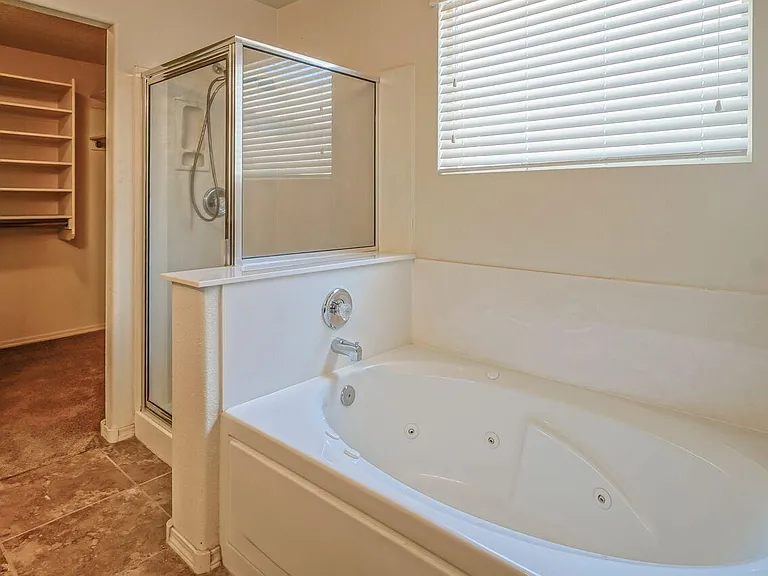 2045 N Ensenada Cir SE — Photo 29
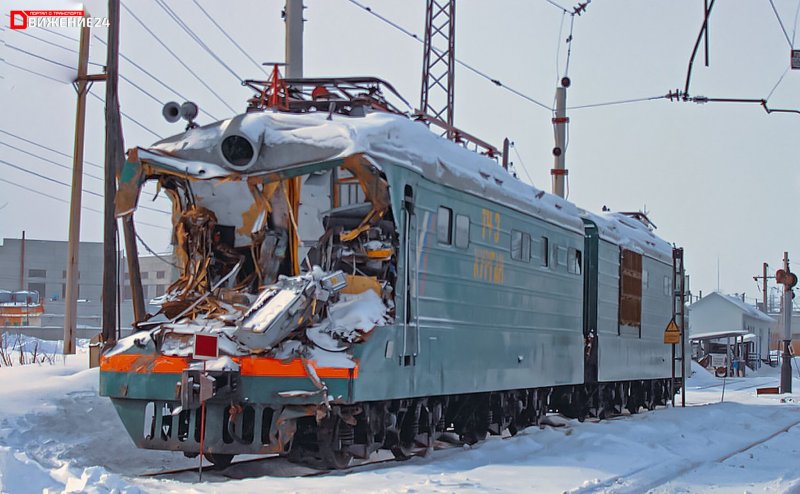 Тепловоз на путях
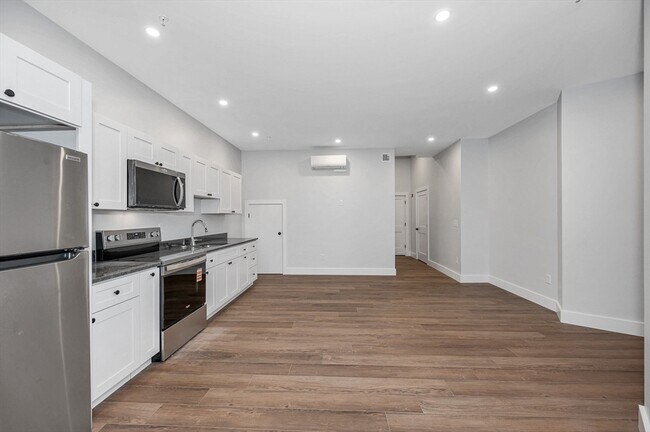 Building Photo - 241 W 6th St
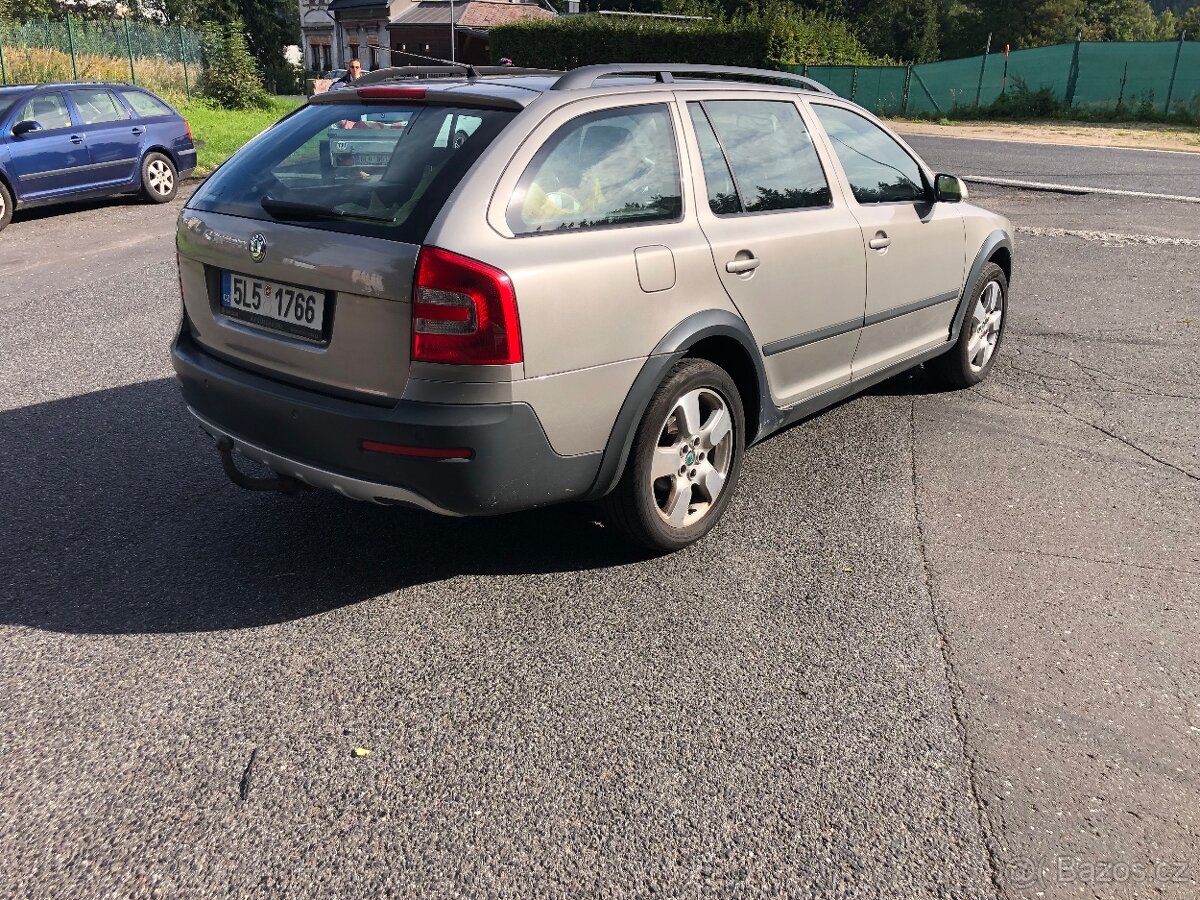Škoda Octavia Scout 2.0 TDI 4x4 - 3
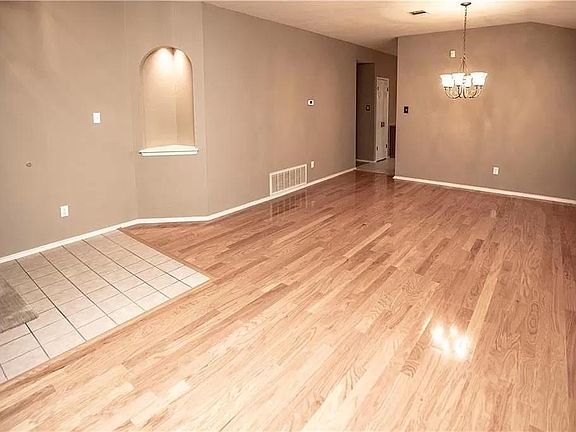 4th image of 2948 Cohoba Dr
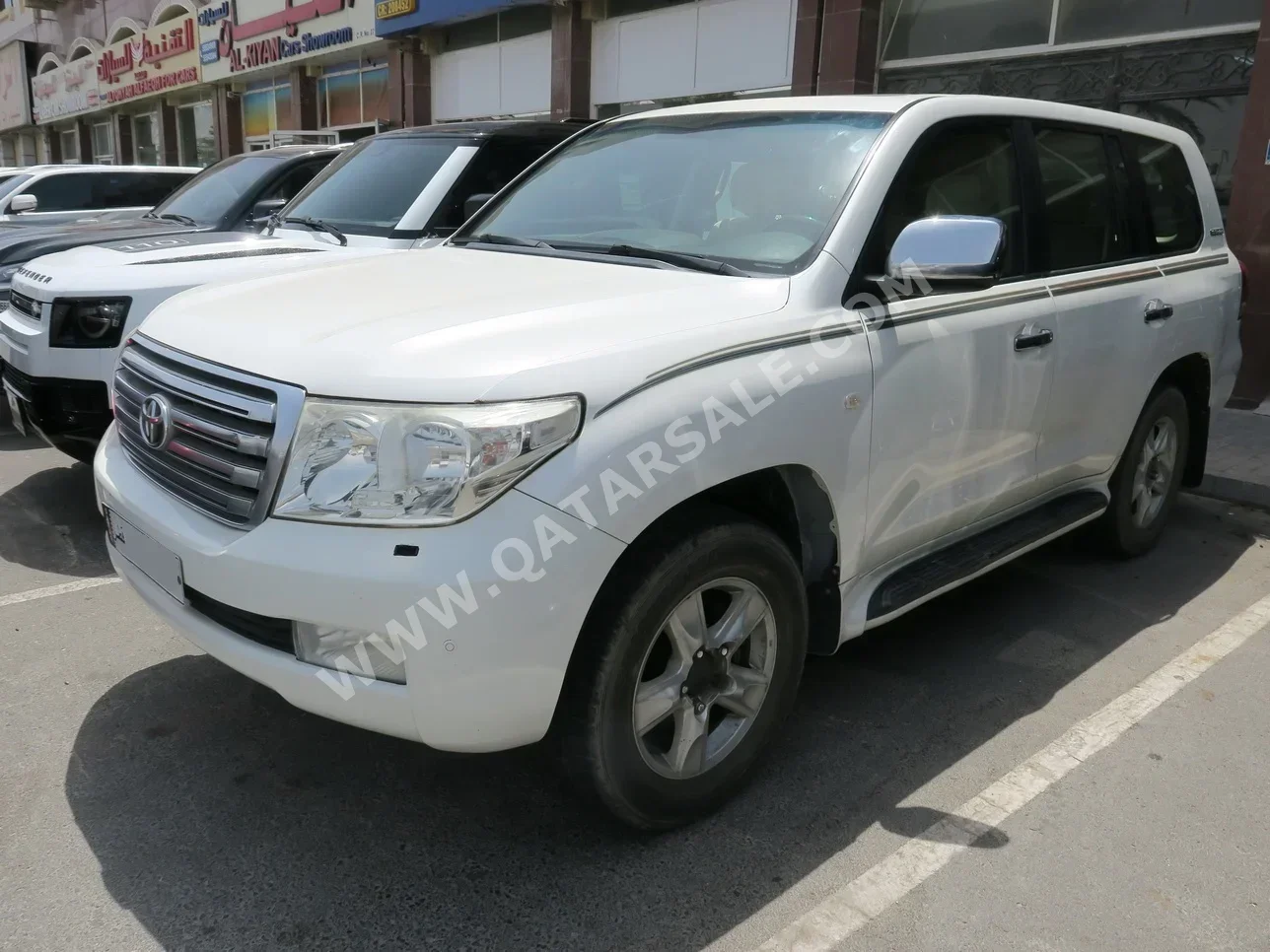 Toyota  Land Cruiser  VXR  2011  Automatic  281,000 Km  8 Cylinder  Four Wheel Drive (4WD)  SUV  White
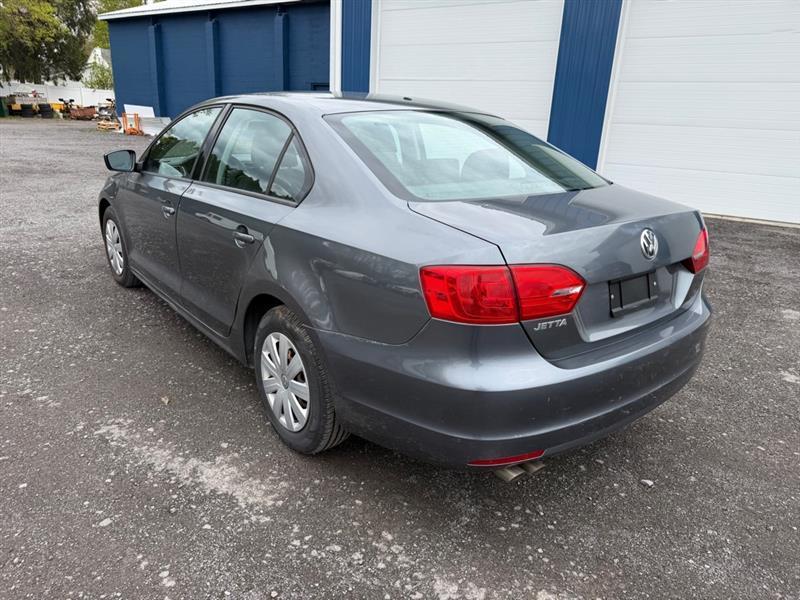 Volkswagen Jetta S 2013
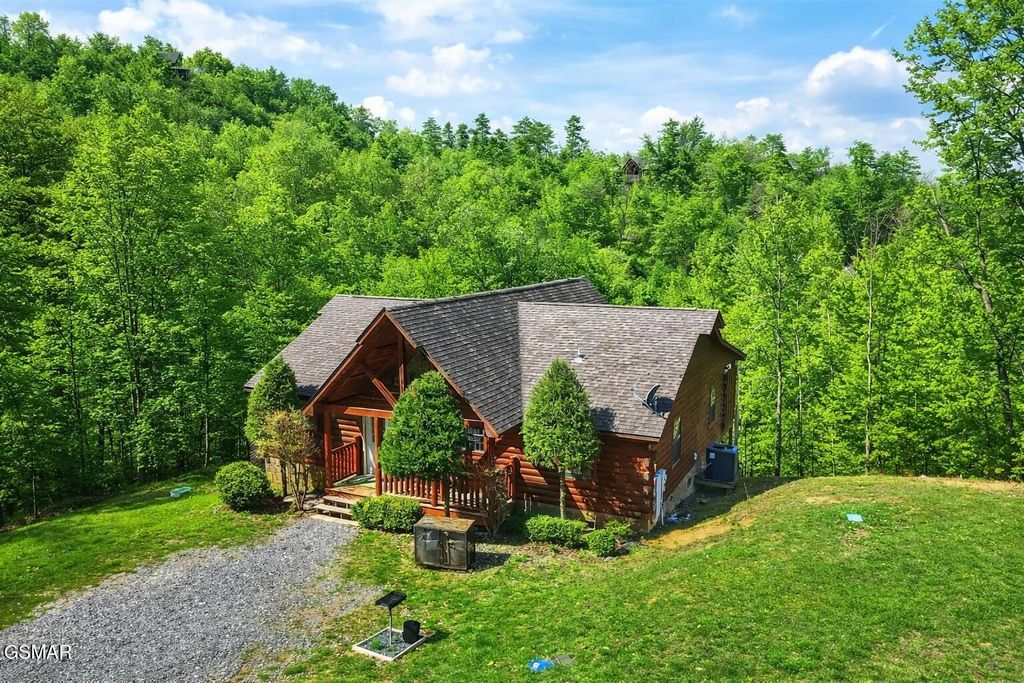 1503 Turkey Trot Way, Sevierville, TN 37876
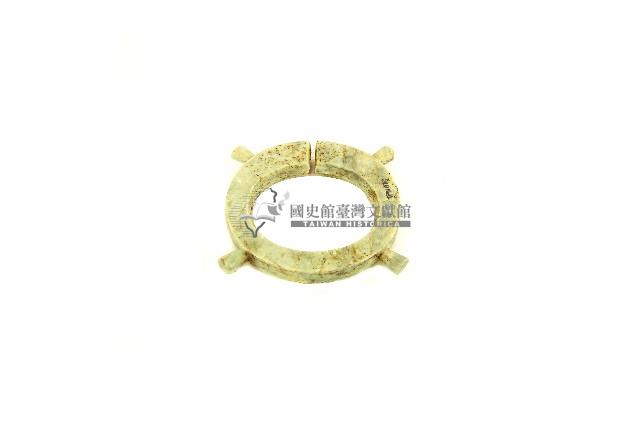 帶四突起玦形耳飾藏品圖，第1張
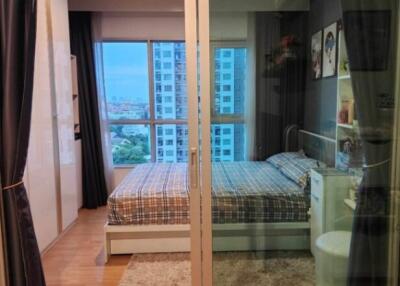 Condo for Sale at Aspire Rama 4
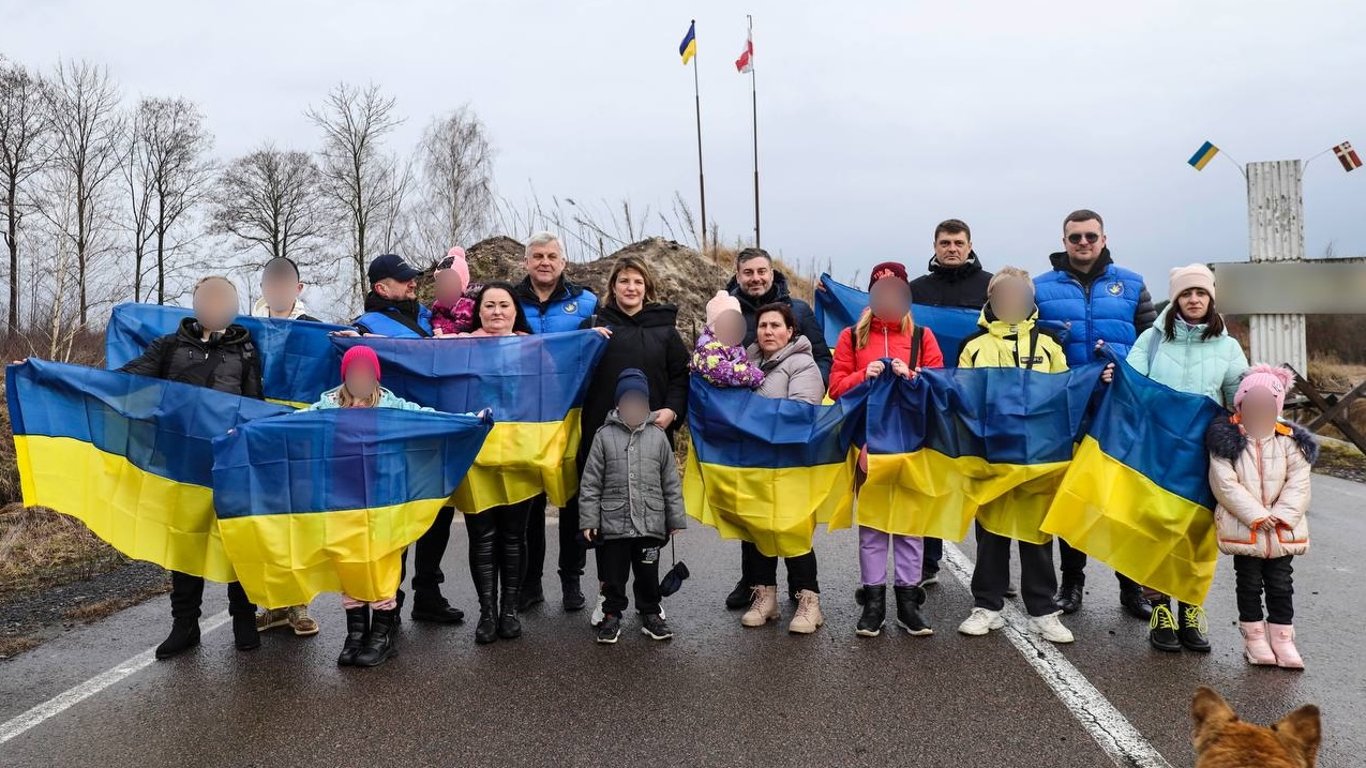 В Украину с временно оккупированных территорий вернули еще 11 детей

※

Whenever a line holds a picture, print that line without the picture. All other data must be output exactly.

 2045 N Ensenada Cir SE — Photo 29
 Тепловоз на путях
 Building Photo - 241 W 6th St
Škoda Octavia Scout 2.0 TDI 4x4 - 3
 4th image of 2948 Cohoba Dr
 Toyota  Land Cruiser  VXR  2011  Automatic  281,000 Km  8 Cylinder  Four Wheel Drive (4WD)  SUV  White
 Volkswagen Jetta S 2013
 1503 Turkey Trot Way, Sevierville, TN 37876
 帶四突起玦形耳飾藏品圖，第1張
 Condo for Sale at Aspire Rama 4
 В Украину с временно оккупированных территорий вернули еще 11 детей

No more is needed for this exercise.